A Righteous Path Demands FOI
There is something very wrong when a proposed legislation that will do right to the people does not get the determined support of government leaders who are sworn to protect the people’s interest.
All sectors support, and demand, the passage of the Freedom of Information (FOI) Act. This is rightly so. In entrusting to our government officials the power to govern, the people have the right to protect themselves against all forms of abuses by the use of governmental power.
The Social Action arm of the Catholic Church, the National Secretariat for Social Action-Justice and Peace (NASSA), takes special interest in the fate that will befall the FOI bill in the 15th Congress. More than a general right, there is a strong justice aspect in FOI.

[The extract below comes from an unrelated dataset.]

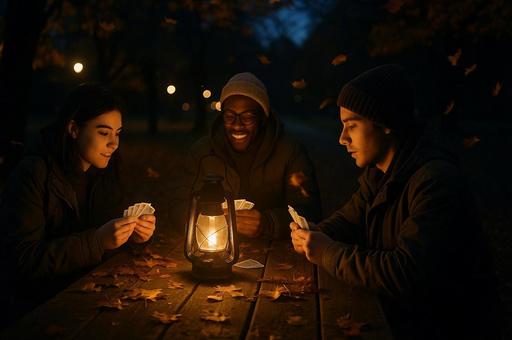 秋夜の公園のランプとカード遊び 秋夜の公園のランプとカード遊びの写真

Lack of access to public information systematically subjects our marginalized sectors – farmers, fisherfolks, Indigenous peoples, workers and rural and urban poor, particularly the Basic Ecclesial Communities – to become vulnerable to exploitation and manipulation by bad elements in our society. Unfamiliarity and ignorance of government processes, contracts, activities and services, together with lack of formal education cause deprivation of rights and poverty. Our people then become mere objects of government policies rather than active participants in their own development.

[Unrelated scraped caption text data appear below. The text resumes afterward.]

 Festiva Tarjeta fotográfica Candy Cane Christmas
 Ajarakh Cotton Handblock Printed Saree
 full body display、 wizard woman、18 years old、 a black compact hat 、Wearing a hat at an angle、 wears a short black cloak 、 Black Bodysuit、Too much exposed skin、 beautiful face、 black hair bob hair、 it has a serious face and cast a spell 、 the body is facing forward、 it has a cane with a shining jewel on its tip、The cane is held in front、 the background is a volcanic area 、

Without access to information, the people are kept in the dark. They remain unaware of the projects and contracts the national and local governments make for them. Our people then eventually tend to develop distrust in government institutions and activities.
The passage and enforcement of FOI would be a great service to the people. It will empower the people, especially the poor, with a new tool of information, which will promote social justice by giving the opportunity for social auditing towards the pursuit of the common good.
It thus saddens many of us that the 15th Congress is about to finish its term, but the FOI bill remains as it has been in previous Congresses: a mere promise.
We did not expect the FOI bill to go this familiar route at the start of the term of President Aquino. While the composition of the 15th Congress is practically the same as that of the 14th Congress that killed the FOI bill, advocates had looked to the President as the game changer for FOI. His promise as a candidate for president that the passage of the FOI bill will be among his legislative priorities was a source of hope that the FOI bill will finally become law.
President Aquino, however, upon his assumption into office, has sent mixed signals on the FOI. It took him awhile to endorse amendments to address a number of concerns on the bill that he has raised, but that endorsement has not carried with it the same stamp of urgency that has characterized other measures that he has supported vigorously. Even now, with few session days left in the 15th Congress when his certification can truly make a difference, he has refused to give the FOI bill the prioritization that it needs. This is so surprising since he espouses good governance and transparency. Is he serious in his daang matuwid, or is it just another slogan? What is he afraid of? That the people may know what government is doing?
Still, there is time, and we join the different sectors who continue to push for the passage of the FOI bill.
In the spirit of truth and justice, CBCP-NASSA calls upon the House of Representatives, with or without the certification of urgency from President Aquino, to act on the FOI bill. Needless to say, President Aquino can choose to make a difference by certifying the urgency of the FOI bill.
In calling for the FOI to become a law, we are asking for nothing else than to fulfil the mandate of our constitution. If citizens do not fulfil the law they are penalized. But if lawmakers do not fulfil the highest law of the land, what is to be done to them?
The May 2013 election is just around the corner. Once again, the President and his candidates under his Liberal Party-led coalition will aspire to seek a fresh mandate, emphasizing that his coalition symbolizes good governance, accountability and transparency. But this assertion would indeed lack credibility if the FOI Act will remain a pipe dream for us Filipinos.
+ BRODERICK S. PABILLO, D.D.
CBCP Caritas Filipinas Foundation, Inc.